SB19-108 (sent to the Governor) concerns changes to improve outcomes for youth in the juvenile justice system. SB1919-143 concerns changes related to parole releases to alleviate prison population issues.  SB19 19-191, HB1919-1225, and HB1919-1226 (died on the floor) concern bonds, bails, and pretrial processes that could also help with prison crowding and financial requirements that result in unnecessary incarcerations in certain circumstances.

SB19-172–concerns at-risk persons, and, in connection therewith, creates the crimes of unlawful abandonment and unlawful confinement.  HB19 19-1250 (died on the floor) also protects those held in custody.  Again, issues of human dignity and civil rights were of importance.

HB19-1025–places limits on job applicant criminal history inquiries and helps the process of reentry for those recently released.

SB19-182, which would have repealed the death penalty, passed the House, but not the Senate.

Poverty

Several bills were introduced regarding rental properties and fair pay for those who literally live paycheck to paycheck.

HB19-1085, which died on the floor, would have created grants for low-income seniors and individuals with disabilities. HB1919-1118 allows more time for a tenant to cure a lease violation.

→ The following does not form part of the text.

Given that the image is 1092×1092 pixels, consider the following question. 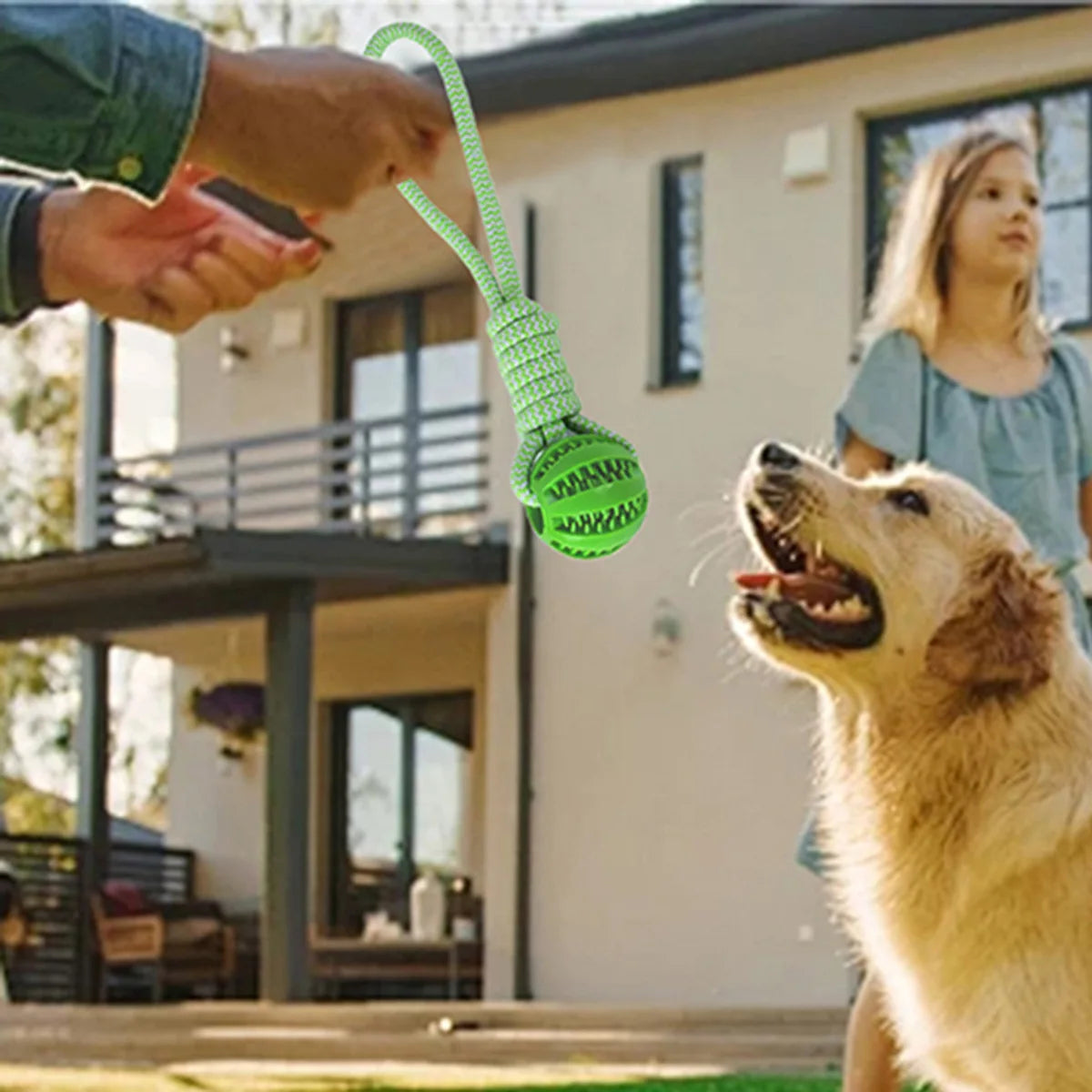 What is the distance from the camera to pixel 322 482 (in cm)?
1698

HB19-1210 and SB1919-085 have both address fair wages. They create “Equal Pay for Equal Work” and to prevent disparities in local jurisdictions for the minimum wage.

Education of Children

We didn’t have anyone tracking the Education bills. The Colorado Sun provided a nice summary of education-related legislation. Here are some excerpts from that article that deal with providing adequate resources.

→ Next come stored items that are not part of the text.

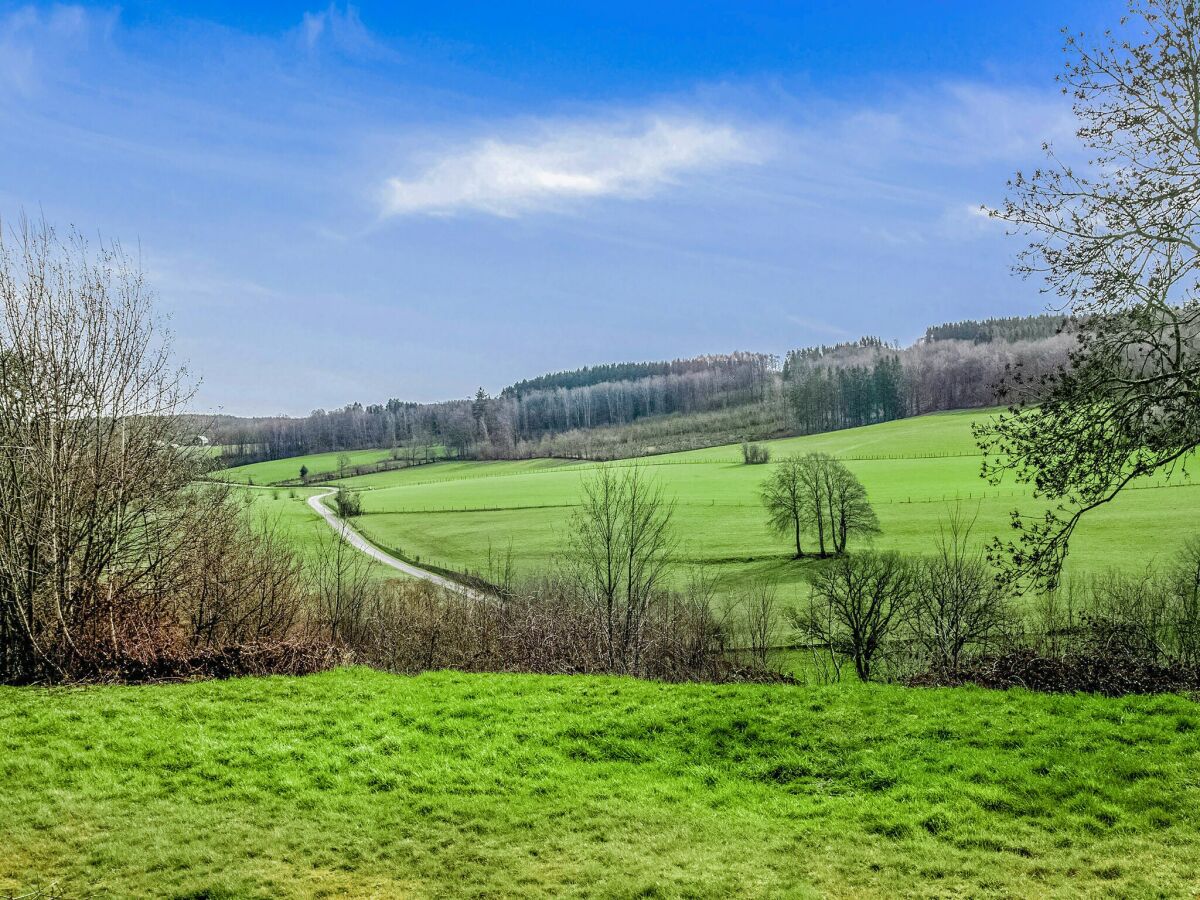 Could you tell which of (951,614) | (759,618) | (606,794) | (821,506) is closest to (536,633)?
(759,618)

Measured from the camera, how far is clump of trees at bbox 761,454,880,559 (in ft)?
168

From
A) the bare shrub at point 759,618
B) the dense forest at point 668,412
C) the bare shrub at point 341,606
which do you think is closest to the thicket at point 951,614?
the bare shrub at point 759,618

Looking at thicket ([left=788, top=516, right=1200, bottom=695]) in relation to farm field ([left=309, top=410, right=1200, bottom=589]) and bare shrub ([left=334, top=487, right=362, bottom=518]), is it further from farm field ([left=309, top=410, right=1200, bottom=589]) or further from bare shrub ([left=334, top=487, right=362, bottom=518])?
bare shrub ([left=334, top=487, right=362, bottom=518])

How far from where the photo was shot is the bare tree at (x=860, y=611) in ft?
116

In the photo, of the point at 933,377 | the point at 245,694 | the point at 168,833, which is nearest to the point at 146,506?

For parents of kindergarten-age children: The state, at a cost of $174 million in the next fiscal year, will cover the cost of full-day kindergarten in districts that offer it starting in the 2019-20 school year.  The legislation, House Bill 1262, says districts cannot charge parents tuition and fees, and it does not require districts to offer full day kindergarten.

For educators: The state spending bills for education will give school districts an additional $100 million to spend, and rural school districts will receive an additional $20 million. That extra funding could mean more money available for teacher pay and classroom materials, but it will depend how each district decides to spend their share.

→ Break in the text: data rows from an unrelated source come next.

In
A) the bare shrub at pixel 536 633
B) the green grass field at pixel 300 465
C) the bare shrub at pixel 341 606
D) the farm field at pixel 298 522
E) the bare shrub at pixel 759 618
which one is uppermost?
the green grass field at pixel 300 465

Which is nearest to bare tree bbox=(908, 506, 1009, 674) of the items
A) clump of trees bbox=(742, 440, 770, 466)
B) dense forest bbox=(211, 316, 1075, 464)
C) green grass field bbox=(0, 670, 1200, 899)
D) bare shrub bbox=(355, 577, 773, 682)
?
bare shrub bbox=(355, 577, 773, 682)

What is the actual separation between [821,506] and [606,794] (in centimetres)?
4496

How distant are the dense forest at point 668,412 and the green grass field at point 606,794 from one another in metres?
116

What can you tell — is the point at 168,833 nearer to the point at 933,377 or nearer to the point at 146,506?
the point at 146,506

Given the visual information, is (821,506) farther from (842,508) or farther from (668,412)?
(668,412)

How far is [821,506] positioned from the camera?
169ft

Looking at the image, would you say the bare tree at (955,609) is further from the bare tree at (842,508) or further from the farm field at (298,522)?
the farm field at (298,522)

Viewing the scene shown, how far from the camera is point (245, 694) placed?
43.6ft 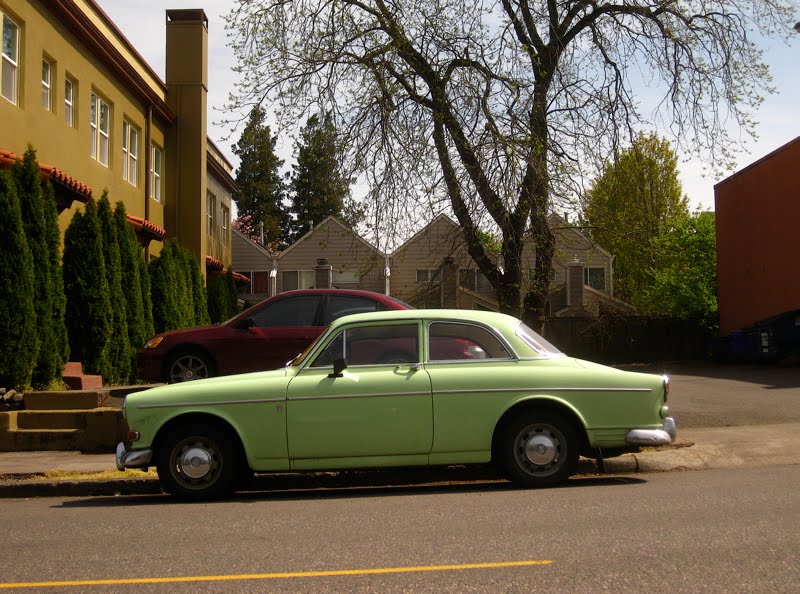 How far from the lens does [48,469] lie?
398 inches

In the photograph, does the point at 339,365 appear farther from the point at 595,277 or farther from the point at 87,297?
the point at 595,277

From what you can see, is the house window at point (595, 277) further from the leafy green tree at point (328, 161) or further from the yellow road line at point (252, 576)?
the yellow road line at point (252, 576)

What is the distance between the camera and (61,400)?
12.9 m

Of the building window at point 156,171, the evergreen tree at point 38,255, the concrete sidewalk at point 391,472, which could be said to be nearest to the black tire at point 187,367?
the concrete sidewalk at point 391,472

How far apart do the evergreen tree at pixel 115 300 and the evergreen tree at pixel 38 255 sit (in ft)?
9.90

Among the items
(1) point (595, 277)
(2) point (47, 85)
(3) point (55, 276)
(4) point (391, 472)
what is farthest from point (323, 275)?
(4) point (391, 472)

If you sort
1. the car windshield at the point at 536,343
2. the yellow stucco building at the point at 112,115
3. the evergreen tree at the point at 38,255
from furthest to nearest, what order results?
the yellow stucco building at the point at 112,115
the evergreen tree at the point at 38,255
the car windshield at the point at 536,343

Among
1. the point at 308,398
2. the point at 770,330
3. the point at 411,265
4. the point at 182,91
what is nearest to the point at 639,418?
the point at 308,398

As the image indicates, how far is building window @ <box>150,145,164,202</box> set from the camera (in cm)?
2522

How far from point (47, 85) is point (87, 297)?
440 centimetres

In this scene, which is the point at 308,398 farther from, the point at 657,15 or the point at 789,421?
the point at 657,15

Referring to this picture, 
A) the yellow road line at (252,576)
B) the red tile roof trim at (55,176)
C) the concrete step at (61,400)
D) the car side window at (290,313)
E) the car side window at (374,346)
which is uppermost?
the red tile roof trim at (55,176)

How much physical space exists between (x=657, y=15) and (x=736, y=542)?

For students with reading deficiencies: The legislature sent to the governor a bill that will overhaul the READ Act, a statewide reading program that has failed to improve the reading deficiencies of young students despite costing the state more than $231 million over the past five years. Under Senate Bill 199, the districts that receive the money would need to ensure early grade teachers receive evidence-based training in how to teach reading to young students.

For teachers with student loan debt: Up to 100 teachers a year who work in rural areas or teach hard-to-fill content areas, are now eligible for up to $5,000 annually for a maximum of five years to pay off student loans. Senate Bill 3 is awaiting the governor’s signature.

For students who need help: More social workers, nurses, school psychologists and counselors would join school districts after the legislature allocated an additional $3 million from marijuana tax revenue to cover the cost. No school district in the state meets the federal Centers for Disease Control and Prevention’s recommended staffing levels for social workers, nurses, school psychologists and counselors, and the new money under Senate Bill 10 would target districts with the most needs. A separate grant program that won approval would address mental health needs for students in kindergarten through fifth grade.

Racism (Adrian Miller)

There were few high-profile bills that dealt directly with issues of racism. There were some bills (HB19-1081 and HB19-1111) designed to limit the powers of the Colorado Civil Rights Commission, but those failed. Two significant bills that were passed are HB19—1192 and SB19-135. HB19-1192 requires Colorado public schools to incorporate contributions of people of color and marginalized communities in history courses.SB19-135 will study whether disparities involving certain historically underutilized businesses exist within the state procurement process. The results of this study could bear significantly on the ability of minority-owned business to be involved in a fairer procurement process.